In more complex CPUs a number of things made it difficult or impossible to figure out exactly how long an instruction will take. None of the software for these CPUs is written to depend on exact cycle timings. Because nothing depends on cycle accuracy you don't have to worry about the timings when emulating these kinds of CPU's.


For extra speed, a lot of emulators take shortcuts. So, you might have a "frame-accurate" emulator that doesn't match the state of a "real" Nintendo on a cycle-by-cycle basis, but does by the end of the frame. There are a limited number of things triggered in the hardware (interrupts, set register flags, etc), and sometimes, like when the CPU is in an idle loop, the emulator can just skip ahead by a bunch of instructions until the next thing that needs to be handled.

Or in the graphics processor, maybe you'll blit out whole sprites/tiles at once, instead of rendering them pixel-by-pixel, the way that the hardware does.

In a cycle-accurate emulator, you're going to run every opcode, process the graphics pixel-by-pixel, etc.


Some understanding of context is expected to grasp implications of software. I'm not sure a github readme is the place to provide a complete education about the domain of the repository.

In this case, a 'cycle' is a processor cycle. Most emulators are imperfect, usually due to speed considerations, or to lack of access/understanding of the specifications of the original hardware. A short codebase that is entirely accurate is an achievement.


NES instructions are broken down into a series of smaller, simpler steps by the CPU. Each of these steps executes in a fixed amount of time - a cycle. For example, the "load value from memory into register A" instruction might take two steps: 1) fetch memory on the bus 2) move the fetched value into the register.

Cycle-accurate means the emulator is emulating all of the little steps that make up an individual instruction. Instruction-accurate emulators ignore the smaller steps and treat instructions as indivisible.

Cycle-accurate NES emulators only really matter for emulating certain graphical and sound effects.


I guess it's about emulation accuracy. Some emulators fail to emulate correctly for the purpose of speed, which causes visual and sound artifacts.

This comes to the host CPU power. The more accurate the emulator, the more power from the host will be needed.

UPD: Found a wiki article: http://emulation-general.wikia.com/wiki/Emulation_Accuracy


I take that to mean that the timing of instruction execution is true to the original, hence no unintended glitches.


People always say that terse code is hard to read and understand. I'd say I just learned a lot from a quick skim of the concise source here. If it had been structured with tons of white space and split over dozens of files/folders/modules, I'd have no chance of understanding it at a glance.


Terse code is easy to read.
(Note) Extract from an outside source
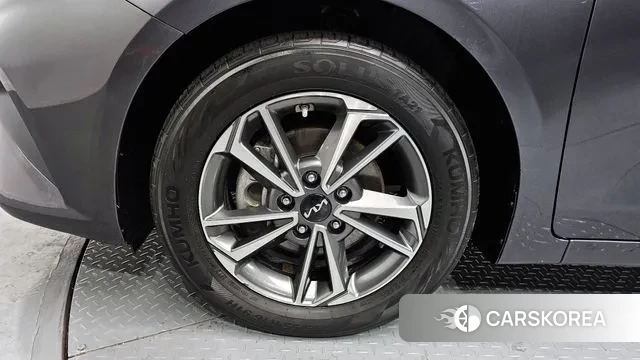 Kia The New K3 2nd generation id 3685559 из Кореи 15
Gratuitously compact code isn't

The rule of thumb is that if it's short but in no way obfuscated, it's terse. If it's short, and impossible to read because of it, it's gratuitously compact.
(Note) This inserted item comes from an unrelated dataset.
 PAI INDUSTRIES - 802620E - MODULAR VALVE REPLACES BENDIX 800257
It is in multiple files, but still very terse, eg. using single letter variables.

   /* CPU state */
   u8 ram[0x800];
   u8 A, X, Y, S;
   u16 PC;
   Flags P;
   bool nmi, irq;
I like it.


I'm the author.

The reason for the single letters is that those are the actual names of the 6502 registers.

Glad you like it overall. :)


It's really nice that you keep it so close to the actual hardware (not just the variable names, but also the way the logic works in for example PPU).
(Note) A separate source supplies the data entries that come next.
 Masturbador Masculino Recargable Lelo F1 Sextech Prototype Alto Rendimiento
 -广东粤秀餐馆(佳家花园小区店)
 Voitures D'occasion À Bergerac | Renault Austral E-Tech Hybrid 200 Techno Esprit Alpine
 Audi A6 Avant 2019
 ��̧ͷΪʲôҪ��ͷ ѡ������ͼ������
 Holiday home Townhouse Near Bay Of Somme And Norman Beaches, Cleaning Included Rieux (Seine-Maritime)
I also love the way you use C++ templates to simplify things!


accumulator xchange ... y, something stacky perhaps?

program counter

flagPort

non maskable interrupt, interrupt request

I'm sure you knew that though, it's common micro processor nomenclature.


Specifically on 6502-derived processors, you have the following registers: Accumulator, X and Y indexes, Stack Pointer, Program Counter, Flags. Of these, only the Program Counter is double-width.

Additionally, the zeroth "page" of memory (the lowest 256 bytes) are accessible with a dedicated addressing mode which saves space and time in the program, and can be used as a form of cache.


the variables are named for the registers they represent, it's not single letter variables for the sake of compactness.


OK, that was an unfair pick, other variables have longer strings. I just picked the example, because I thought it was cute how short the CPU status is, and because I couldn't remember what nmi ment, at first. Trying to talk about it brought it back to mind, so that worked for me, but I blamed the project in vain, because the decision was made elsewhere. Those electronic engineers!! Let's argue about better names for x and y. is anyone even reading this? I'm prolly not gonna come back to this either.


Absolutely agree. I'm writing an NES emulator myself and just glancing at this code has given me a few line-saving ideas.


That is very cool.

I'm always kind of in awe of this sort of thing. Maybe I should try to do it. Should take some of the awe away.

But I should probably focus on sucking less, first.


I'm the author.

Everything you need is on the NESdev wiki or it's linked there. A couple of particularly helpful resources are linked in my README. The PPU diagram and the 6502 reference were especially useful.

I definitely encourage you to do it, it's a great learning experience and very rewarding. When games start running is pure programming ecstasy :)


Hey, thanks.


Do it. Emulation has always fascinated me, so I wrote a (kind of crappy) NES emulator a few years ago. It demystifies things, there's a ton of documentation out there, and you'll get the joy of increasing numbers of games working as you make progress.


Try making a small virtual machine first - https://github.com/tekknolagi/carp/blob/master/README.md


Whoa, that's my project. Wouldn't recommend looking at that one, but definitely take a look at it's successor (linked on the README).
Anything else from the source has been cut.